Datasets for Conversational AI

This project allows users to load multiple datasets useful for research in conversational AI, spoken dialogue systems, and linguistics. It leverages the transformers dataset infrastructure to download and provide efficient access to variations of the same datasets - maintaining a single copy of the raw data and using minimal disk space to store dataset variations.

Project Dates: 8/21/22 - 8/21/23

Date Published: 6/23/24

Overview

I started this project to develop data pipelines that enable users to load multiple datasets useful for research in conversational AI, spoken dialogue systems, and linguistics. The primary contributions include:

  • Leveraging the transformers dataset infrastructure to download and provide efficient access to variations of the same datasets.
  • Maintaining a single copy of the raw data while using minimal disk space to store dataset variations.
  • Providing access to a features package that can extract commonly required features from these datasets, such as voice activity.

This was inspired by Erik’s datasets turn-taking project.

About

The data pipelines project allows users to load multiple datasets useful for research in conversational AI, spoken dialogue systems, and linguistics. It leverages the transformers dataset infrastructure to download and provide efficient access to variations of the same datasets, maintaining a single copy of the raw data and using minimal disk space to store dataset variations. Additionally, it provides access to a features package that can be used to extract commonly required features from these datasets (e.g., voice activity).

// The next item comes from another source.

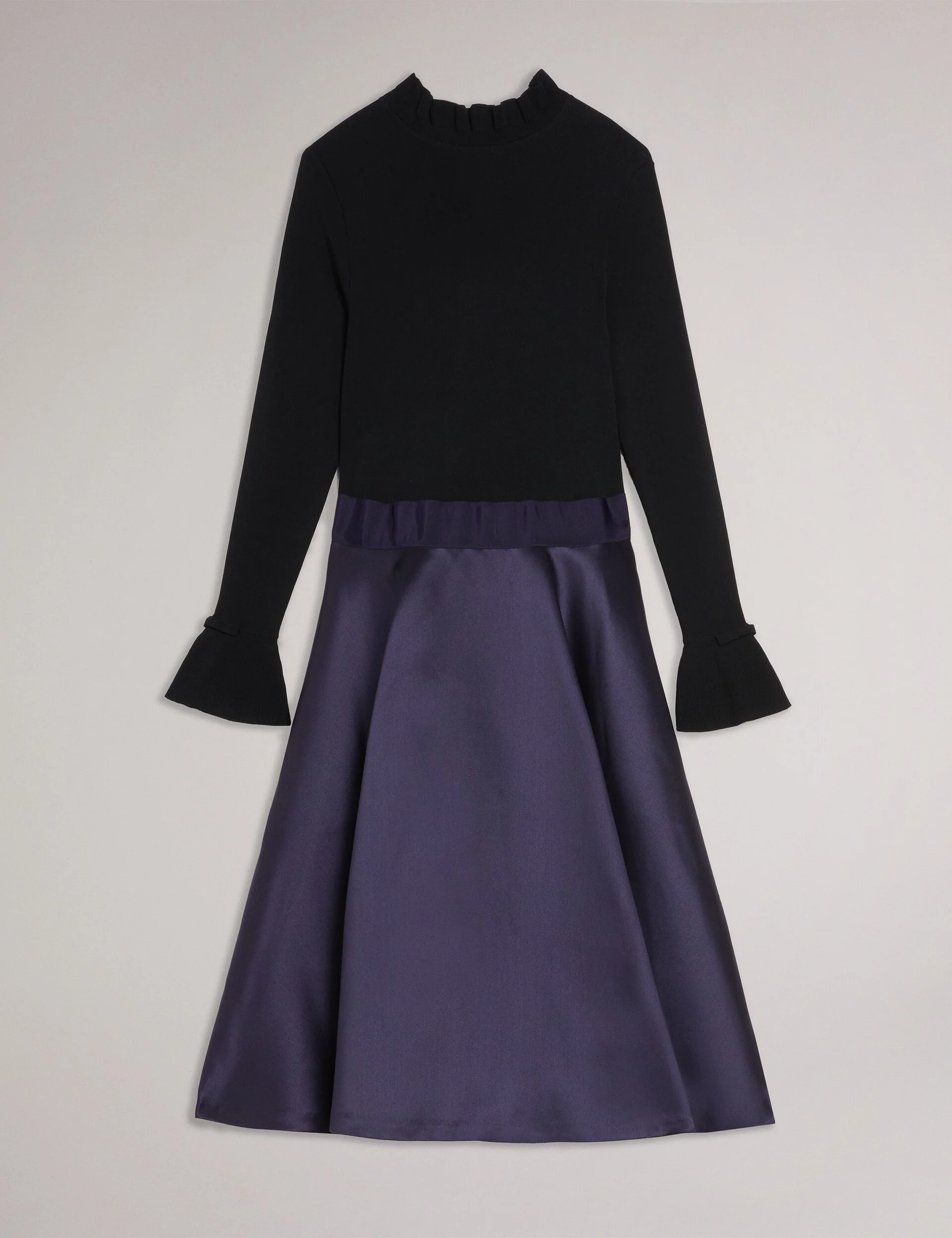 ZADI | NAVY - Image 7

The goal is to abstract the process of loading datasets that are useful for conversation research and allow researchers to focus on model development. It is unique because it provides access to tools and variations of datasets that might not be publicly available.

Datasets and Variants

Dataset Name Variant Description
Callfriend default Provides access to text features per conversation.
audio Provides access to raw audio per conversation.
Callhome default Contains text features of telephone conversations.
audio Contains raw audio of telephone conversations.
Fisher default Includes time-aligned transcripts of conversations.
audio Includes audio paths of conversations.
Maptask default Provides access to dialogue transcripts.
audio Provides access to audio recordings of dialogues.
Switchboard isip-aligned Contains ISIP-aligned transcripts of conversations.
swda Contains SWDA-aligned transcripts of conversations.
ldc-audio Contains raw audio of conversations.

Features Package

The goal of this project is to be able to easily download and parse commonly used datasets in Conversational AI research. The load_dataset method described in previous methods provides access to common features for each dataset. However, depending on the application, there may be a need to extract additional features. For example, audio feature sets (such as GeMAPS) may be required - or voice activity from the transcripts may be required.

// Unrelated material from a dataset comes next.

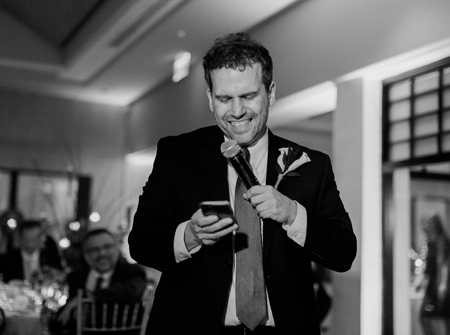 west-palm-beach-wedding-photographer-45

The Features package provides access to methods that may be used for these purposes. Some key features include:

  • Audio Feature Extraction: Methods to extract audio features such as GeMAPS using tools like OpenSmile.
  • Voice Activity Detection: Algorithms to detect and segment voice activity within audio recordings.
  • Text Features: Extraction of linguistic features from transcripts, such as part-of-speech tagging and syntactic parsing.

The goal is to map these methods onto the dataset and save the results for efficient access later, enabling researchers to focus on their core research without worrying about the preprocessing steps.

NOTE: Further documentation is forthcoming.